Prattville woman receives rabies treatments after being scratched by stray cat

Does the animal have rabies?

Does the animal have rabies? Here are signs and symptoms to look out for.

Week

PRATTVILLE – A Prattville woman has had rabies treatments after being scratched by a stray cat.

The cat was tested and came back positive for southeastern raccoon rabies, said Dr. Dee Jones, state veterinarian for the Alabama Department of Public Health. The incident took place on Durden Road when the stray cat got into an argument with the woman’s cat. She got the scratch when she finished the fight.

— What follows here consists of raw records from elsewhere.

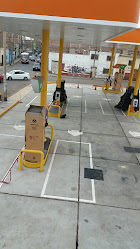 Estación de servicio PRIMAX El Trébol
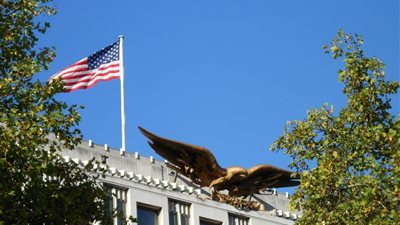    السفارة الأمريكية تستقبل 320 شابا مصريا من الدارسين في برنامج اللغة الإنجليزية التابع لها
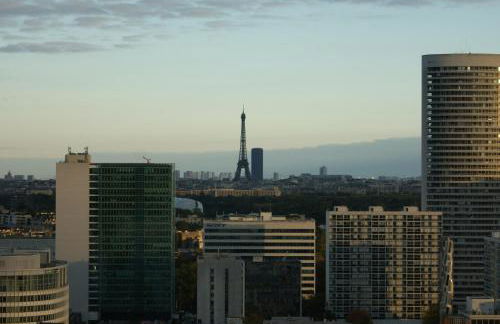 Apartement view of all of Paris - Foto 24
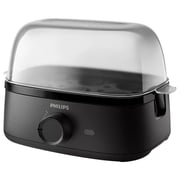 P​hilips 3000 Series Egg Cooker with 6-Egg Capacity – HD9137/91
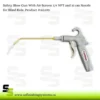 TOPGUN Protective Air Screen Safety Blow Gun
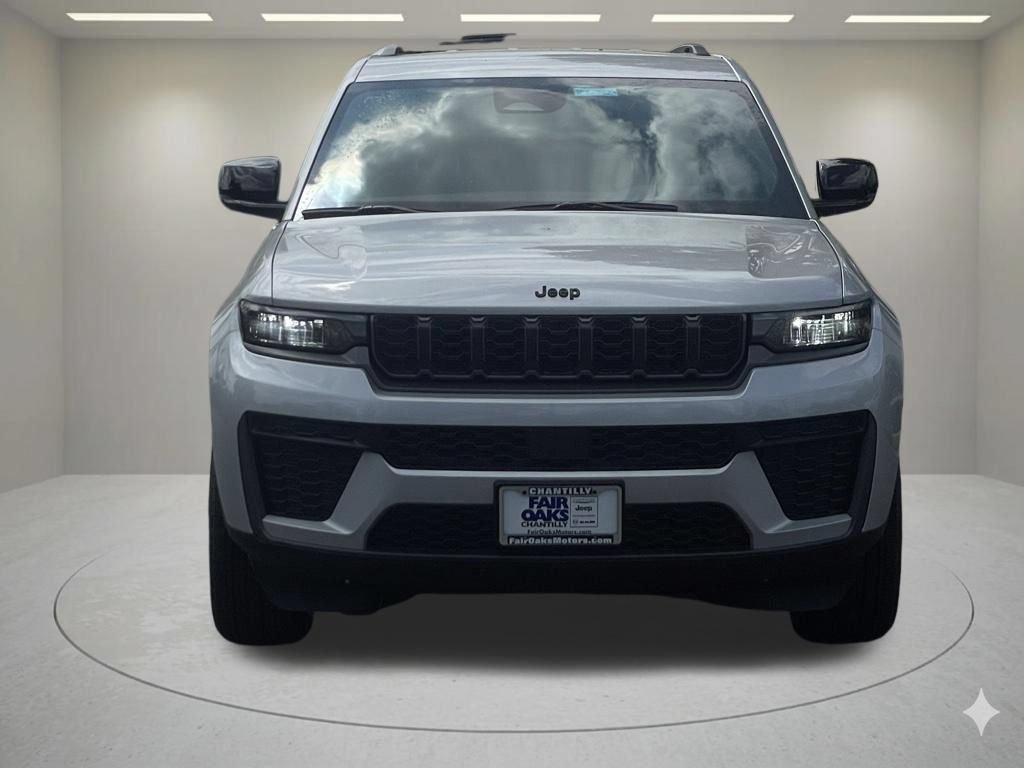 New 2026 Jeep Grand Cherokee Altitude AWD/4WD image 3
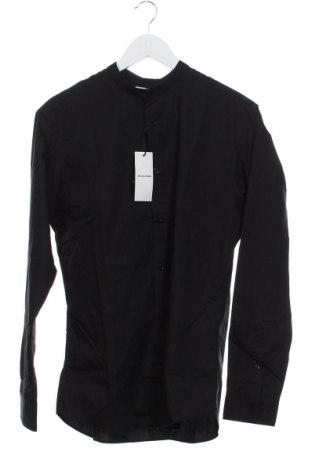 Herrenhemd Jack & Jones, Größe M, Farbe Schwarz, Preis € 57,99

“There aren’t many reports of rabies from Autauga County,” said Jones. “And usually raccoons are vectors, not domesticated animals. But this cat was a stray, probably not vaccinated against rabies, and came into contact with a rabid raccoon.”

People hear “rabies” and often overreact, he said.

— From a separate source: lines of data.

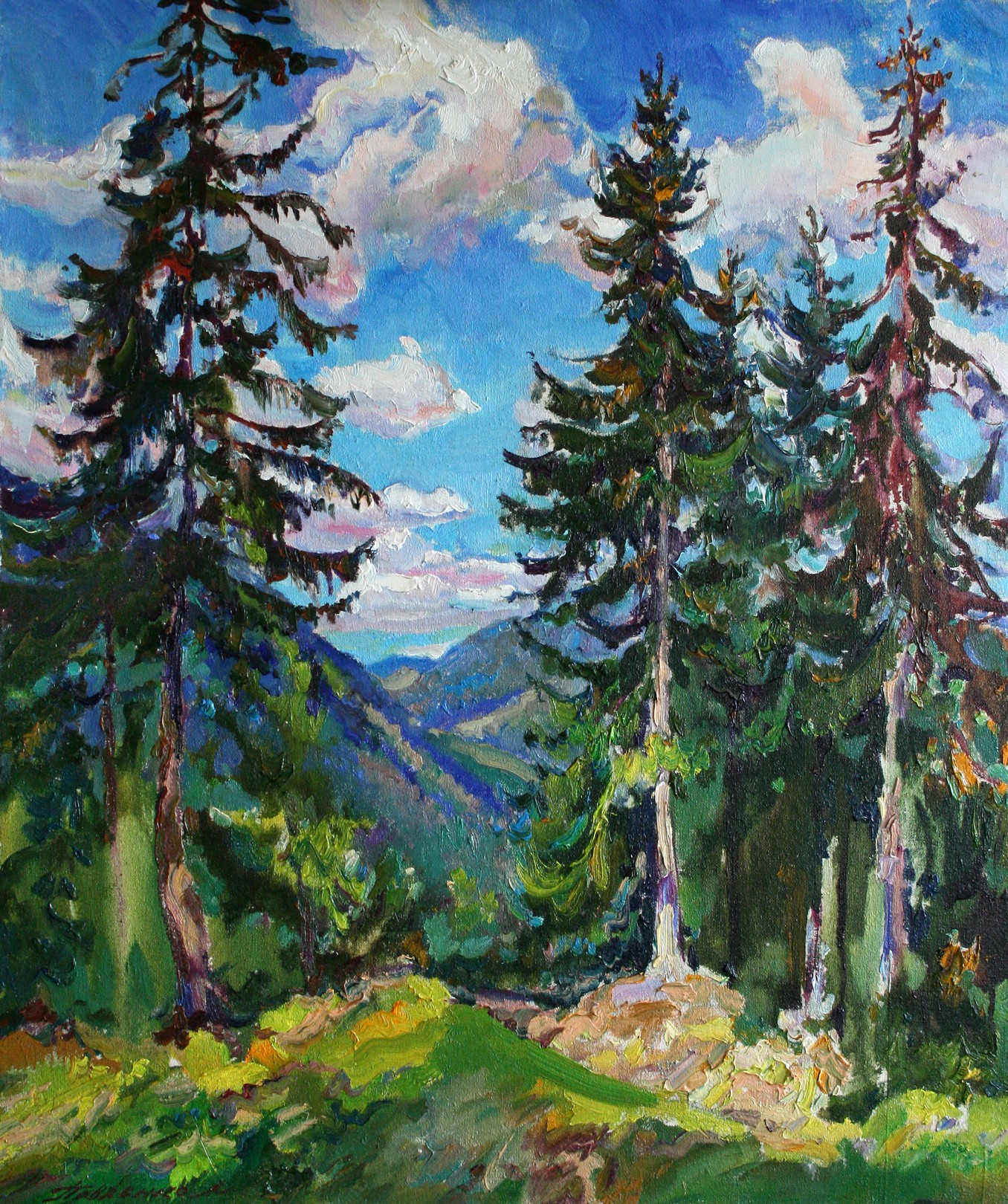 Pavlenko Leonid, Sunny Day Pavlenko Leonid, Sunny Day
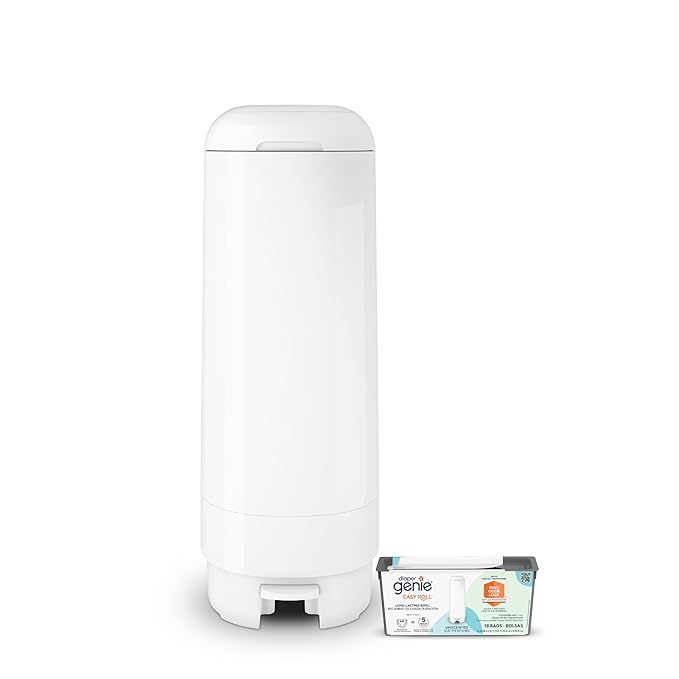 Real popular diaper garbage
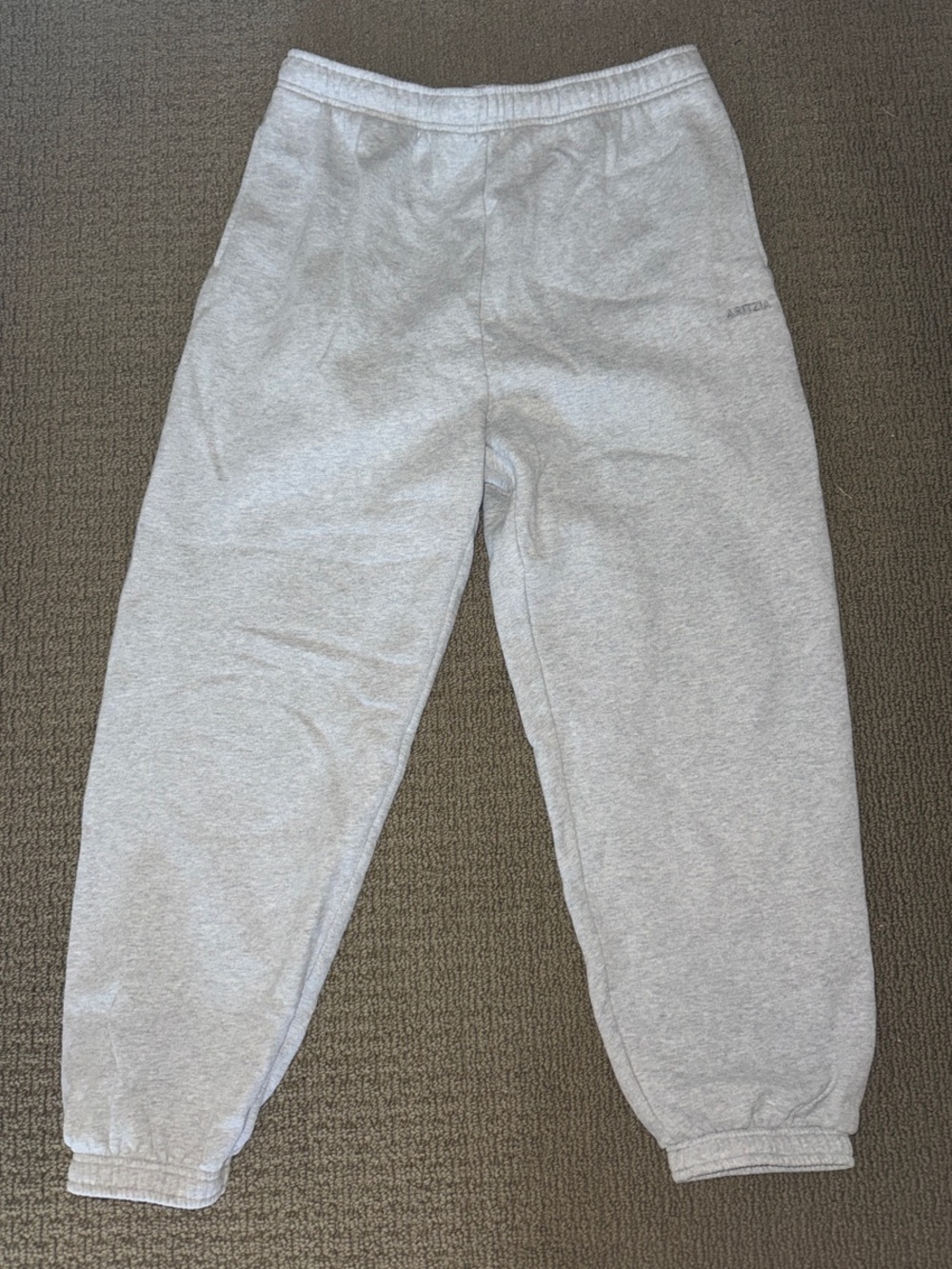 Aritzia Sweatfleece - mega fit sweatpants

“Rabies is spread through the saliva of the infected animal,” said Jones. “I am not aware of any human case in which rabies has been transmitted through a scratch from an infected animal. But out of caution, we advise people who have been scratched by a rabid animal to undergo treatment.”

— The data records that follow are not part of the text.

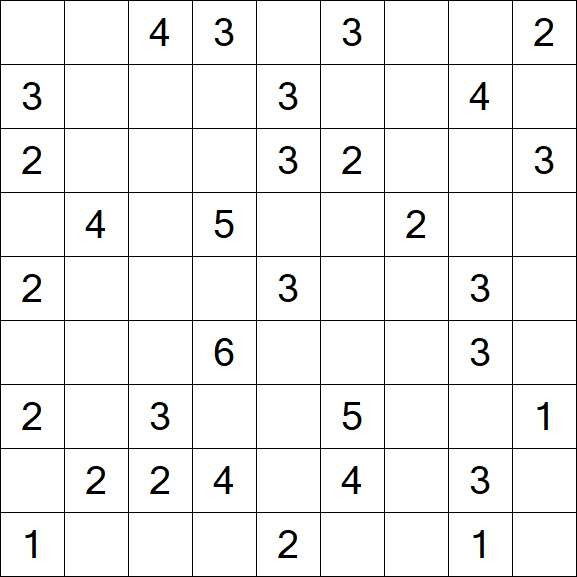 Minesweeper - Medium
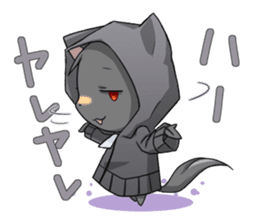 Hypocrite sticker sticker #977673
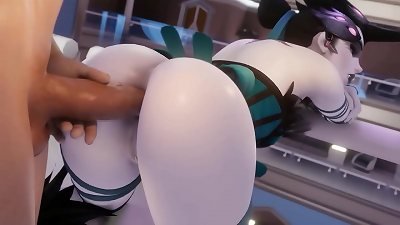 July Day twenty two | Daily SFM & Blender Animations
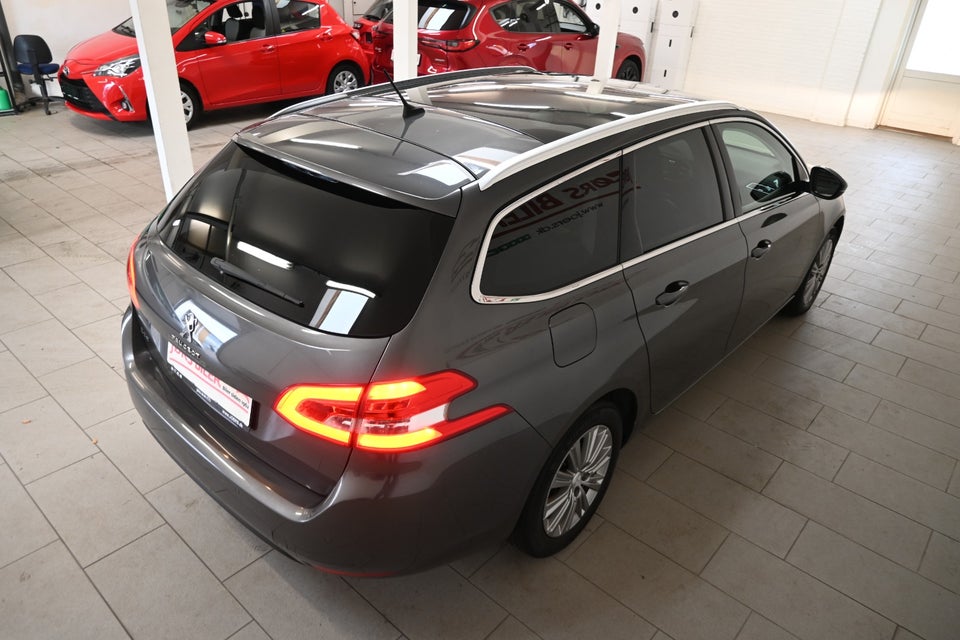 Peugeot 308 1,6 BlueHDi 120 Selection Sky SW 5d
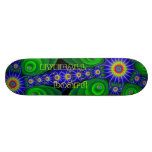 EYEBALL BOARD SKATEBOARD DECK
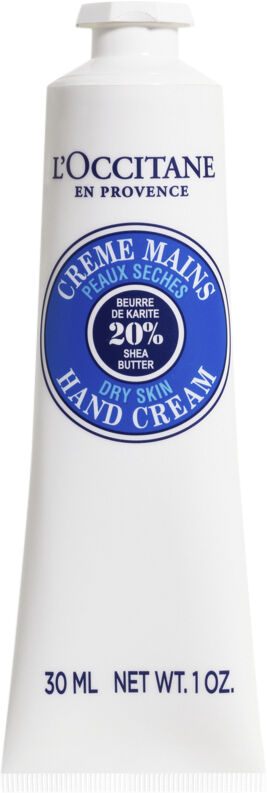 Shea Butter (Karit&eacute;) Hand Cream 30ml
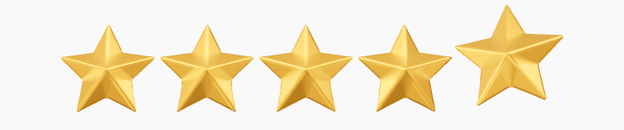 5 Stjerner
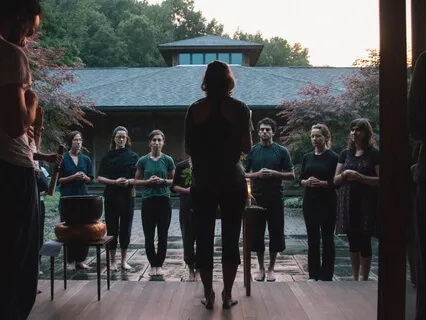 Breathing Body Meditation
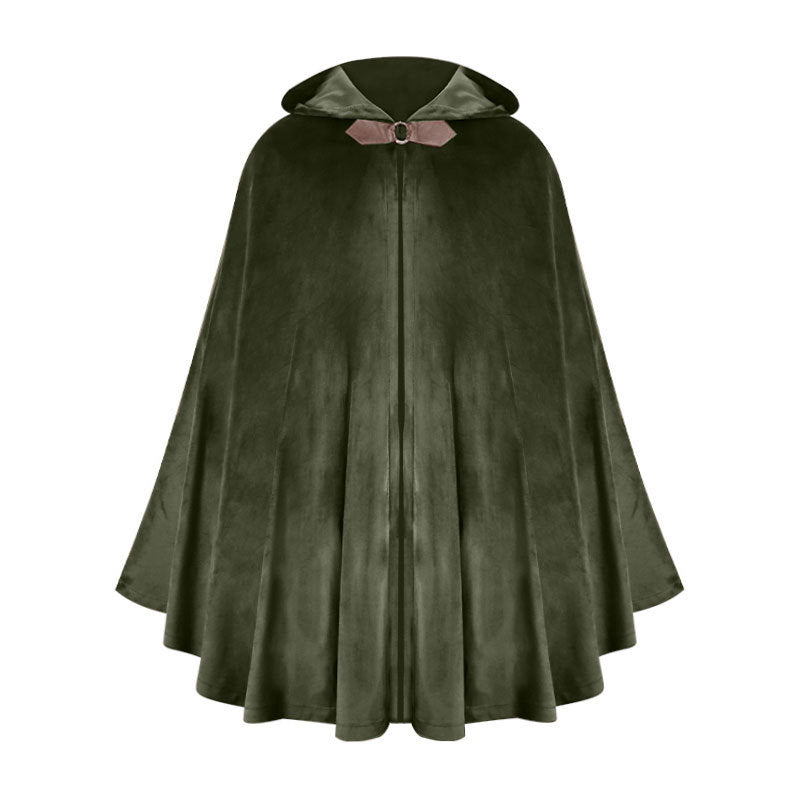 Adventurer Medieval Cloak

Once rabies develops in a person’s body, it’s 99% fatal, according to the Mayo Clinic website. When taken on time, a series of vaccinations are nearly 100% effective in preventing the development of rabies.

In the past, 14 injections were given in the abdomen over a 30 day period. Now the practice calls for injections over a period of two weeks and they do not have to be given in the stomach.

The best way to prevent contact with rabies is to vaccinate your dogs and cats, Jones said. The state law prescribes annual vaccinations for dogs, cats and pet ferrets.

More: As the pandemic subsides, once beloved pets are being disposed of in “discouraging” numbers at the shelter

Precautions to be taken to avoid exposure to rabies

  • Do not let pets roam free; keep them in a fenced area or on a leash.
  • Do not leave uneaten animal feed or scraps near where you live.
  • Do not illegally feed or keep wild animals as pets.
  • Avoid going near wildlife or pets that are acting strange or abnormally.
  • Warn children not to go near stray or wild animals, regardless of their behavior.
  • Instruct children to notify an adult if they are bitten or scratched by an animal.

A person bitten or scratched by an animal should immediately wash wounds with mild soap and water, provide first aid and seek medical attention, or contact the county health department immediately.